You can configure the parallelism of Sink execution by using the scheduling mechanism of the Function, and multiple sink instances will be scheduled to run on different worker nodes. Multiple sinks will consume messages together according to the configured subscription mode.

Since EventBus doesn't need to guarantee sequentiality, the connectors support the shared subscription model.

To increase the write throughput, you can configure the following:

parallelism = 4

When retainOrdering is set to false, the Shared subscription mode is used.

Batch Put

AWS EventBridge connectors support batch put events, which are mainly controlled by the following three parameters:

  • batchSize: When the buffered message is larger than batchSize, it will trigger flush (put) events. 0 means no trigger.
  • maxBatchBytes: When the buffered message data size is larger than maxBatchBytes, it will trigger flush pending events. This value should be less than 256000 and greater than 0, The default value is 640.
  • batchTimeMs: When the interval from the last flush exceeds batchTimeMs, it will trigger flush pending events. 0 means no trigger.

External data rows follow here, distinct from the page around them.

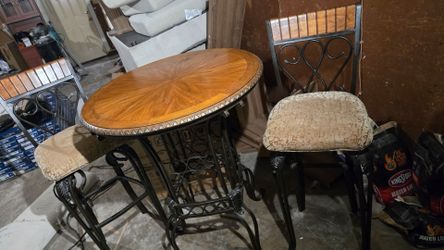 Pub Height Table and Chairs Set
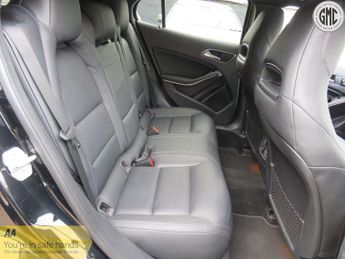 MERCEDES-BENZ GLA 2.0 GLA250 AMG Line Premium Plus 4Matic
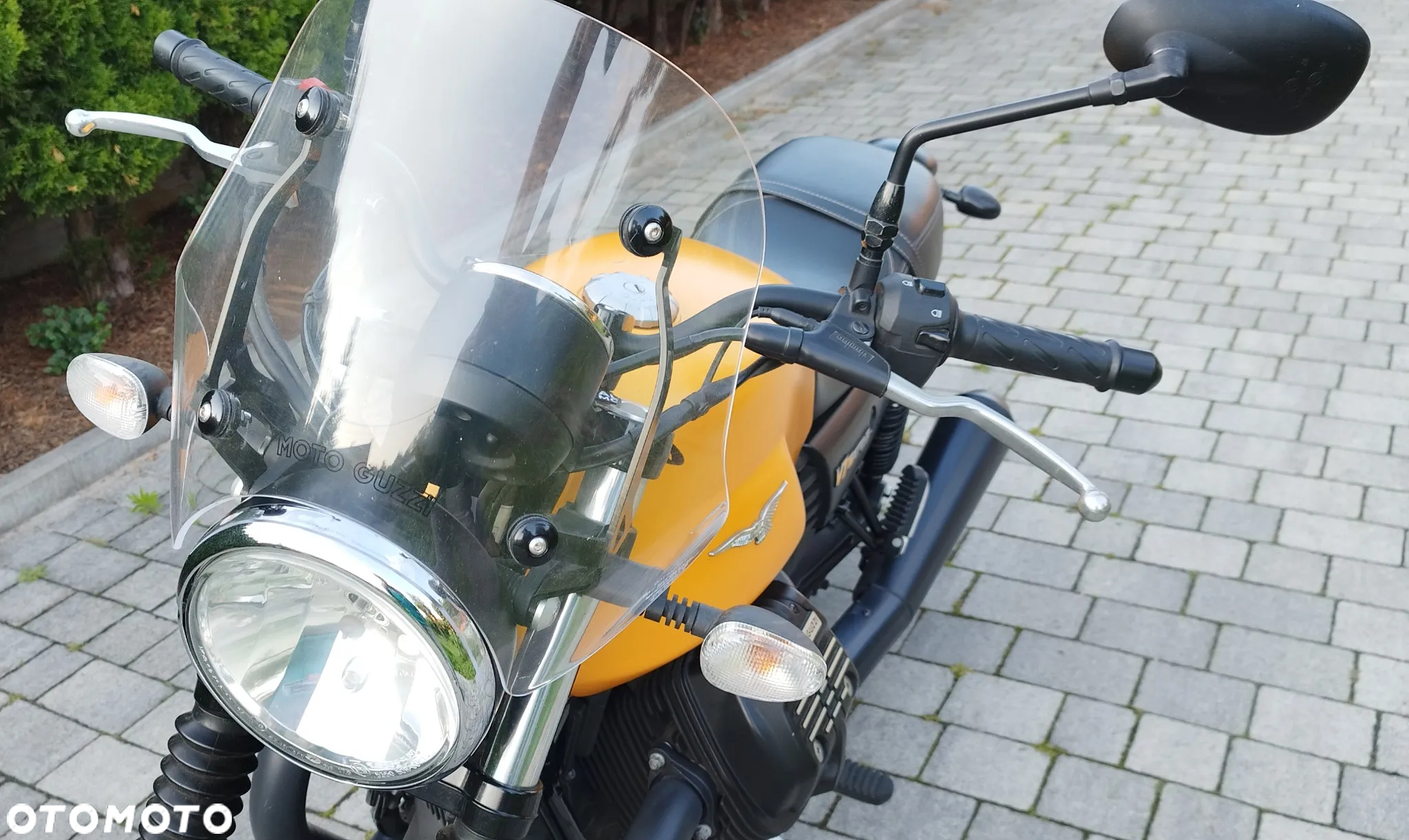 Moto Guzzi Stone - 14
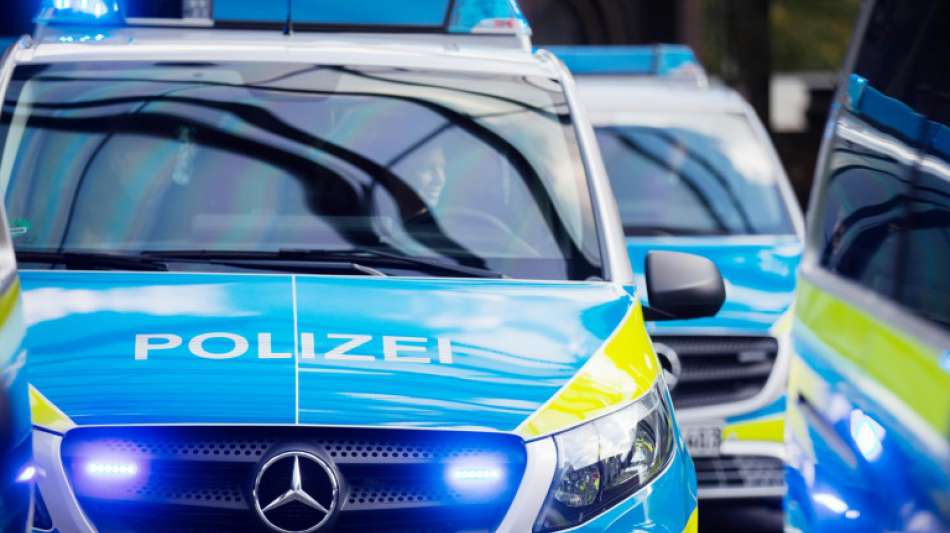 26-Jähriger pinkelt in Baden-Württemberg gegen Streifenwagen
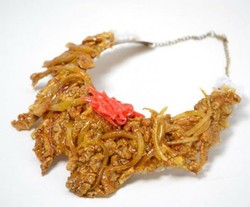 Anting-anting Sushi dan Kalung Spaghetti Ini Dibuat dari Permata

In addition to these three parameters that control flush behavior, in AWS EventBridge, batches larger than 256KB per write are not allowed. So, when the buffered message is larger than 256KB, it will trigger a flush.

Retry Put

In AWS Event Bridge, about Handling failures with PutEvents, It suggests retrying each error message until it succeeds.

This connector will provide two flow configs for the controller's retry strategy:

maxRetryCount: 100 // Maximum retry send event count, when event send failed.
intervalRetryTimeMs: 1000 //The interval time(milliseconds) for each retry, when event send failed.